*What to do*. Once the line containing "3401 Woodview Pl, Columbus, OH 43220" is found in the entries below, restate it and each following line word for word, stopping after the line containing "AUDI Q5 2.0 TDI quattro S-tronic-image-4".

*Exercise input*.

----

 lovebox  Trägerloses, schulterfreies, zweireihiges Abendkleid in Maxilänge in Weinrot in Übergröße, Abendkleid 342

----

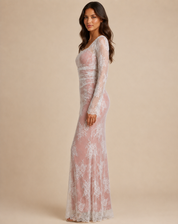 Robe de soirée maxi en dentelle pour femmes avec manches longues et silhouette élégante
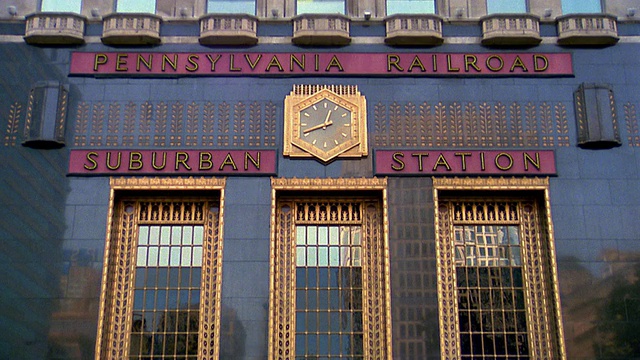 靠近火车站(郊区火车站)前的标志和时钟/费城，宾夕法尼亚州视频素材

----

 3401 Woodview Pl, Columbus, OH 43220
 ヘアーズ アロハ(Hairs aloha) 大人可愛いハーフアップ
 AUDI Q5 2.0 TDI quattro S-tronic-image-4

----

*Reply*.
 3401 Woodview Pl, Columbus, OH 43220
 ヘアーズ アロハ(Hairs aloha) 大人可愛いハーフアップ
 AUDI Q5 2.0 TDI quattro S-tronic-image-4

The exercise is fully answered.